Lets assume we want to load some data provided by a script. As we do not know the ordering of the data in the script we decide to disable the foreign key constraint on the t2 table and validate it after the load:

postgres=# alter table t2 disable trigger all;
ALTER TABLE

The syntax might look a bit strange but it actually does disable the foreign key and it would have disabled all the foreign keys if there would have been more than one. It becomes more clear when we look at the table again:

postgres=# \d t2
                 Table "public.t2"
 Column |  Type   | Collation | Nullable | Default 
--------+---------+-----------+----------+---------
 a      | integer |           | not null | 
 b      | integer |           |          | 
 c      | text    |           |          | 
Indexes:
    "t2_pkey" PRIMARY KEY, btree (a)
Foreign-key constraints:
    "t2_b_fkey" FOREIGN KEY (b) REFERENCES t1(a)
Disabled internal triggers:
    "RI_ConstraintTrigger_c_16460" AFTER INSERT ON t2 FROM t1 NOT DEFERRABLE INITIALLY IMMEDIATE FOR EACH ROW EXECUTE FUNCTION "RI_FKey_check_ins"()
    "RI_ConstraintTrigger_c_16461" AFTER UPDATE ON t2 FROM t1 NOT DEFERRABLE INITIALLY IMMEDIATE FOR EACH ROW EXECUTE FUNCTION "RI_FKey_check_upd"()

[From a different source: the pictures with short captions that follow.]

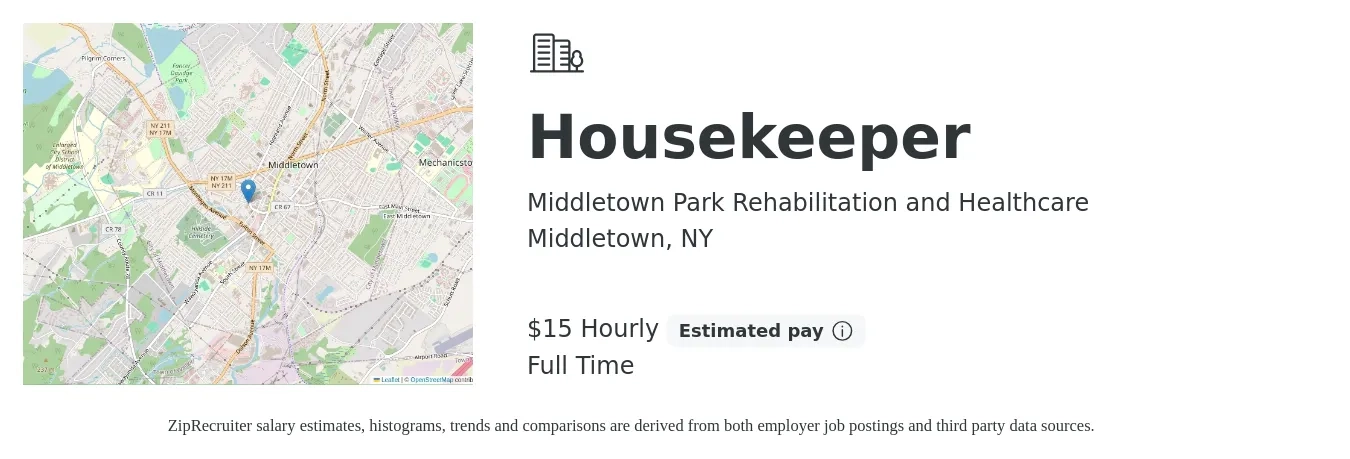 Middletown Park Rehabilitation and Healthcare job posting for a Housekeeper in Middletown, NY with a salary of $16 Hourly with a map of Middletown location.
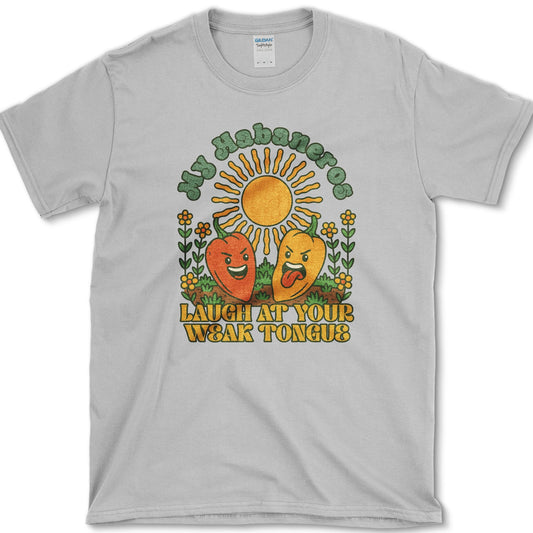My Habaneros Laugh At You T-Shirt Sport Grey / S Essential Tees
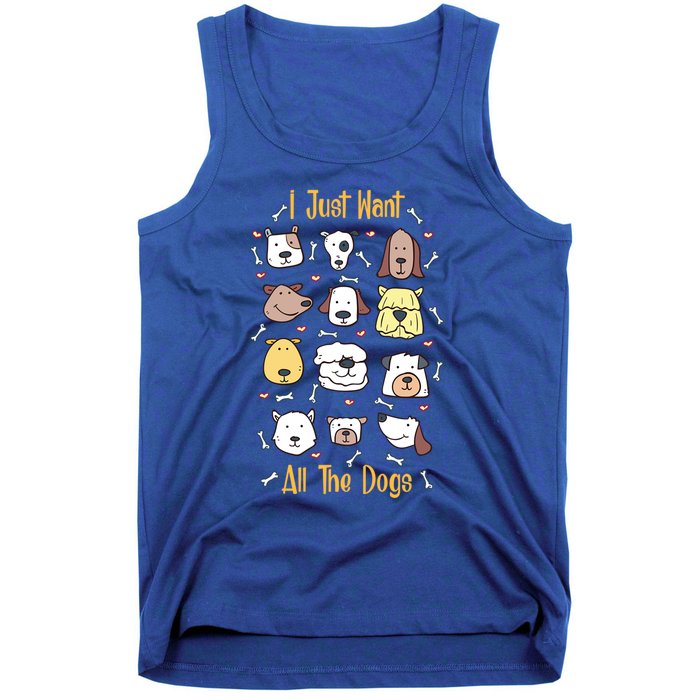 I Just Want All The Dogs Great Gift Tank Top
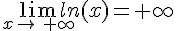 \lim_{x\to\,+\infty}ln(x)=+\infty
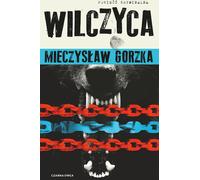 Wilczyca - Mieczysław Gorzka (Thriller en polonais)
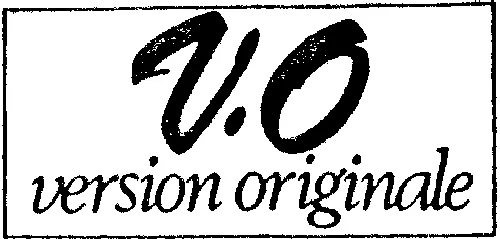 V.O. VERSION ORIGINALE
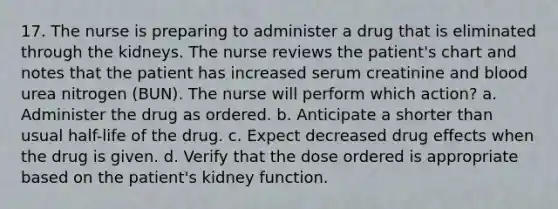 17. The nurse is preparing to administer a drug that is eliminated through the kidneys. The nurse reviews the patient's chart and notes that the patient has increased serum creatinine and blood urea nitrogen (BUN). The nurse will perform which action? a. Administer the drug as ordered. b. Anticipate a shorter than usual half-life of the drug. c. Expect decreased drug effects when the drug is given. d. Verify that the dose ordered is appropriate based on the patient's kidney function.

“ALL” means, please also disable the internal triggers that are responsible for verifying the constraints. One restriction of the “ALL” keyword is, that you need to be superuser for doing that. Trying that with a normal user will fail:

postgres=# create user u1 with login password 'u1';
CREATE ROLE
postgres=# \c postgres u1
You are now connected to database "postgres" as user "u1".
postgres=> create table t3 ( a int primary key
postgres(>                 , b text
postgres(>                 , c date
postgres(>                 );
CREATE TABLE
postgres=> create table t4 ( a int primary key
postgres(>                 , b int references t3(a)
postgres(>                 , c text
postgres(>                 );
CREATE TABLE
postgres=> alter table t4 disable trigger all;
ERROR:  permission denied: "RI_ConstraintTrigger_c_16484" is a system trigger
postgres=> 

What you could do as a regular user to do disable the user triggers:

postgres=> alter table t4 disable trigger user;
ALTER TABLE

As I do not have any triggers it of course does not make much sense. Coming back to our initial t1 and t2 tables. As the foreign key currently is disabled we can insert data into the t2 table that would violate the constraint:

postgres=# select * from t1;
 a | b  |     c      
---+----+------------
 1 | aa | 2019-11-27
 2 | bb | 2019-11-27
(2 rows)

postgres=# select * from t2;
 a | b | c  
---+---+----
 1 | 1 | aa
 2 | 2 | aa
(2 rows)

postgres=# insert into t2 (a,b,c) values (3,3,'cc');
INSERT 0 1
postgres=# 

There clearly is no matching parent for this row in the t1 table but the insert succeeds, as the foreign key is disabled. Time to validate the constraint:

postgres=# \d t2
                 Table "public.t2"
 Column |  Type   | Collation | Nullable | Default 
--------+---------+-----------+----------+---------
 a      | integer |           | not null | 
 b      | integer |           |          | 
 c      | text    |           |          | 
Indexes:
    "t2_pkey" PRIMARY KEY, btree (a)
Foreign-key constraints:
    "t2_b_fkey" FOREIGN KEY (b) REFERENCES t1(a)
Disabled internal triggers:
    "RI_ConstraintTrigger_c_16460" AFTER INSERT ON t2 FROM t1 NOT DEFERRABLE INITIALLY IMMEDIATE FOR EACH ROW EXECUTE FUNCTION "RI_FKey_check_ins"()
    "RI_ConstraintTrigger_c_16461" AFTER UPDATE ON t2 FROM t1 NOT DEFERRABLE INITIALLY IMMEDIATE FOR EACH ROW EXECUTE FUNCTION "RI_FKey_check_upd"()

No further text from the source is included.